PCP Capital Partners’ largely Saudi-funded £340 million bid to buy the Premier League club collapsed recently.
Newcastle fans are unhappy with the failure to seal the deal, especially as the club’s current owner Mike Ashley is widely disliked on Tyneside.
Newcastle Central MP Chi Onwurah asked Masters to discuss the collapsed takeover.
Masters confirmed that after an impasse was reached in the league’s owners’ and directors’ test, Amanda Staveley’s consortium, under which Saudi Arabia’s Public Investment Fund is seeking to buy an 80 per cent stake in the club, declined an offer of independent arbitration.
“In June, the Premier League board made a clear determination as to which entities it believed would have control over the club following the proposed acquisition, in accordance with the Premier League rules,” Masters wrote in a letter published on Friday.

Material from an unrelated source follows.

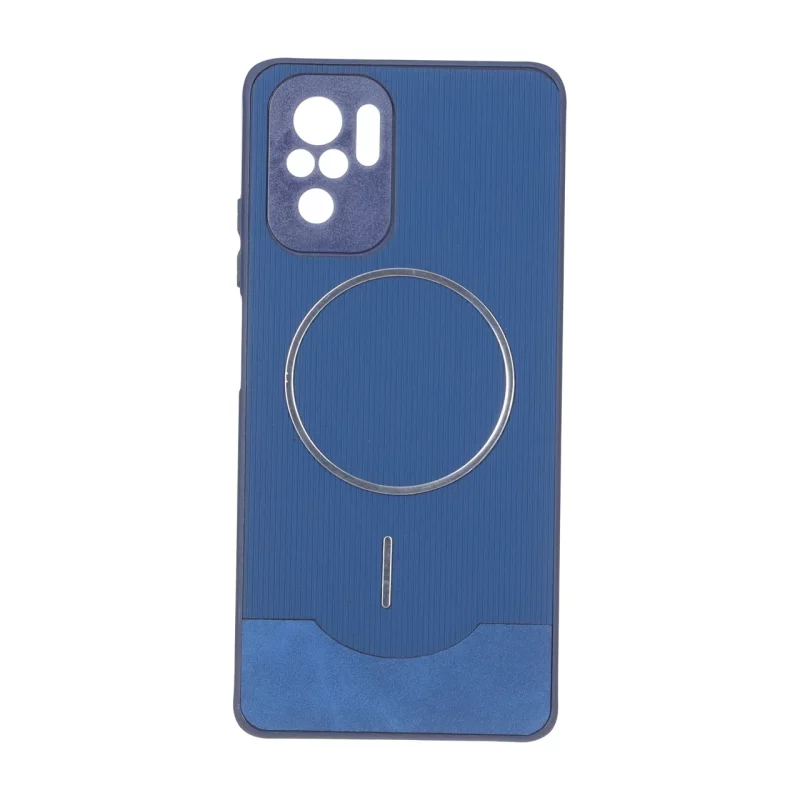 قاب Line Case جیر MagSafe فلزی محافظ لنزدار Xiaomi Redmi Note 10 4G / Redmi Note 10S / Poco M5S - سرمه ای - تصویر 2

“Subsequently, the Premier League then asked each such person or entity to provide the Premier League with additional information, which would then have been used to consider the assessment of any possible disqualifying events.
“In this matter, the consortium disagreed with the Premier League’s determination that one entity would fall within the criteria requiring the provision of this information.
“The Premier League recognised this dispute, and offered the consortium the ability to have the matter determined by an independent arbitral tribunal if it wished to challenge the conclusion of the board.
“The consortium chose not to take up that offer, but nor did it procure the provision of the additional information. Later, it (or PIF specifically) voluntarily withdrew from the process.”
Masters’ comments came after the consortium withdrew its bid for the club having waited in vain for the green light, although Ashley has insisted he remains committed to the deal 17 weeks after the matter went to the Premier League.